Monday, Dec. 25, 1950
Conditional Silence
Reds and party-liners have a perfect right to refuse to answer questions about their Communist activities--so long as they take advantage of their constitutional privilege not to incriminate themselves. Then the law cannot touch them for contempt. So the Supreme Court ruled last week in an 8-0 decision written by Justice Hugo Black.
The decision involved a minor Communist Party official in Colorado named Mrs. Patricia Blau. Called as a witness in a federal grand-jury investigation in 1949, Mrs. Blau stood on her right to avoid selfincrimination, refused to say whether she knew anything about the party. She was tried for contempt, sentenced to a year in jail.
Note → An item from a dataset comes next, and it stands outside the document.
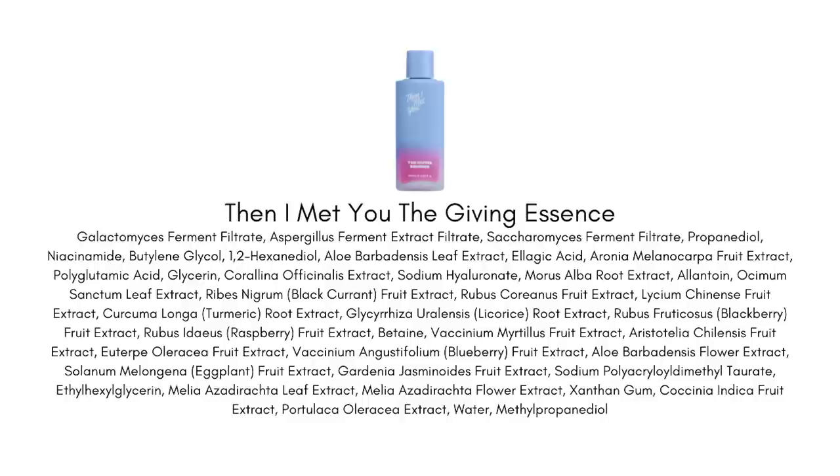Next up is Then I Met You The Giving Essence. It has so many great fermented ingredients — when you ferment an ingredient it really brings out more benefits, concentrating vitamins, minerals, and amino acids. One of the most famous fermented ingredients is in here: galactomyces ferment. You may know it marketed as Pitera from SK-II — that's just the generic name. It really helps support healthy skin, stimulates hyaluronic acid production, helps hydrate, brightens hyperpigmentation, and supports the barrier.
The Smith Act of 1940 (under which the eleven leaders of the C.P were convicted) makes Communist activities a possible basis for criminal charges, reasoned the court. Therefore, a witness asked to testify about such activities may justifiably enfold himself in the Fifth Amendment, which provides that no one in a criminal case is required to be a witness against himself. As precedent, Justice Black recalled Chief Justice John Marshall's famed ruling in 1807 reaffirming this guarantee of the Fifth Amendment in the Aaron Burr treason trial. From Mr. Burr to Mrs. Blau the constitutional line was clear.
The ruling might be applied to the grubby crew of witnesses who have defied congressional committees on the same grounds. Some 50 witnesses are currently embroiled with the law and facing jail terms for refusing to answer questions like those put to Mrs. Blau. Among them: Earl Browder, Frederick Vanderbilt Field. The famed Hollywood Ten, however, relied primarily on the First Amendment (freedom of speech) in their refusal to answer the question: Are you a Communist?
The court's latest decision also brought into sharp question the constitutionality of the McCarran anti-subversive act, which Communists are currently defying. Forcing a person to register as a Communist might also conceivably be held as an infringement of his rights under the Fifth Amendment.